Understanding the various aspects to haiku is also what will make you write proper haiku. I believe it's quite a mindful process and worth the effort. I could go on here, what I understand constitutes a haiku, but it seems I've done that over and over again on these boards. Besides there's plenty of sites online explaining haiku. Be sure not to just read one of them.

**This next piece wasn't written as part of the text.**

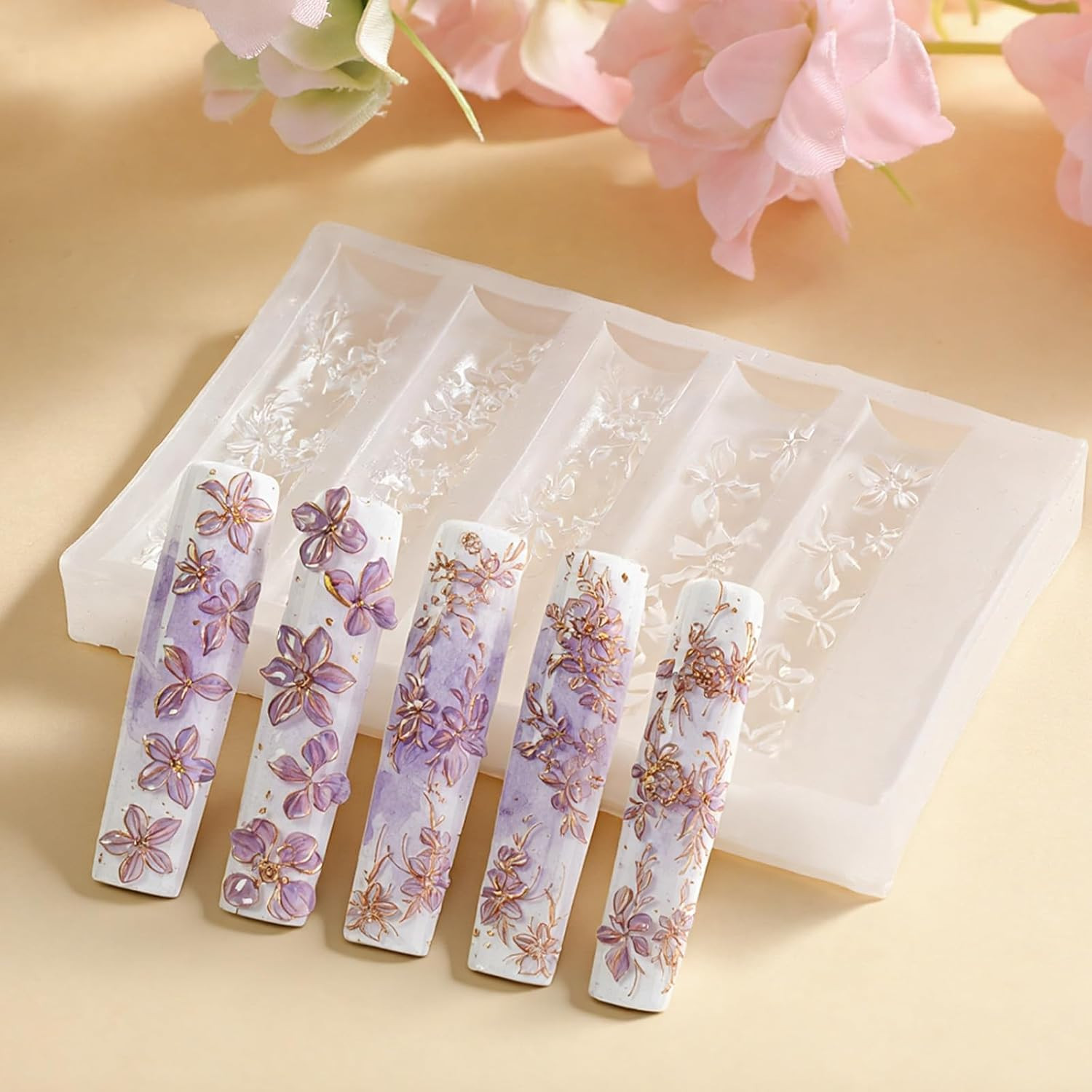 3D Floral Silicone Nail Molds for Elegant DIY Nail Art and Manicure Design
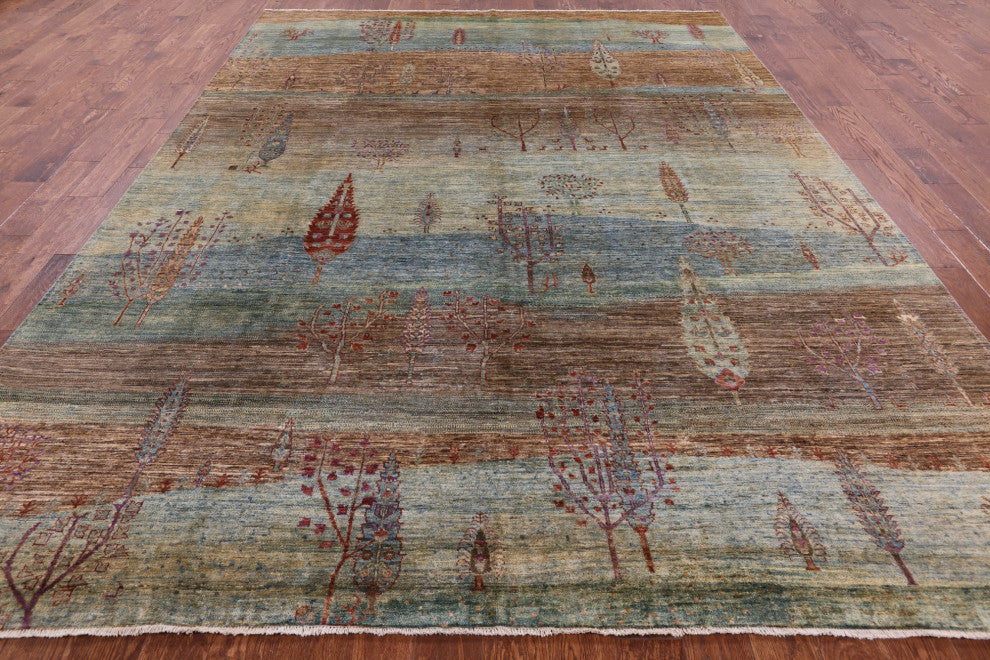 Hand Knotted Tribal Persian Gabbeh Wool Rug 9' 0" X 11' 10" Q5324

Off topic I still think a sticky in here, highlighting the various styles and aspects, would make for a more educative experience and most likely produce some more quality pieces.


----------



## Punnikin (Dec 22, 2011)

Yet the author specifically chose this syllabic structure because he enjoys the restrictions of it. I consider contemproary English haiku to be an affront to the spirit of haiku, and a perversion that is, in and of itself, unnecessary. Why ruin something centuries old when there was nothing wrong with it in the first place?
Contemporary does not mean better. It never has, and never will. The haiku remains as unchanged as my mind.


----------



## Martin (Dec 22, 2011)

A haiku is more than just a structure and your piece is lacking a lot from a traditional point of view. Here's some quick pointers about the more traditional haiku aside the structure.

- Title-less
- A theme related to nature and preferably a season
- Evocative of the senses
- Two distinct images connected by a kireji
- Sharing an enlightened moment experienced by the author
- Avoid direct metaphors

These above aspects are somewhat my take on haikus and are indeed difficult to work with. If we are to fit them into a 5-7-5 structure it obviously becomes a lot more difficult and often the attempts will be clumsy. Take your lines for example, they are not natural, they are forced to fit the structure. I think as well it's nice if we can adhere to the 5-7-5, but let it be a secondary thing. First get the content right, then see if it can be formulated in a natural way related to the structure you want. If it can't, I would definitely prefer the natural read rather than a forced read. Quite obviously right?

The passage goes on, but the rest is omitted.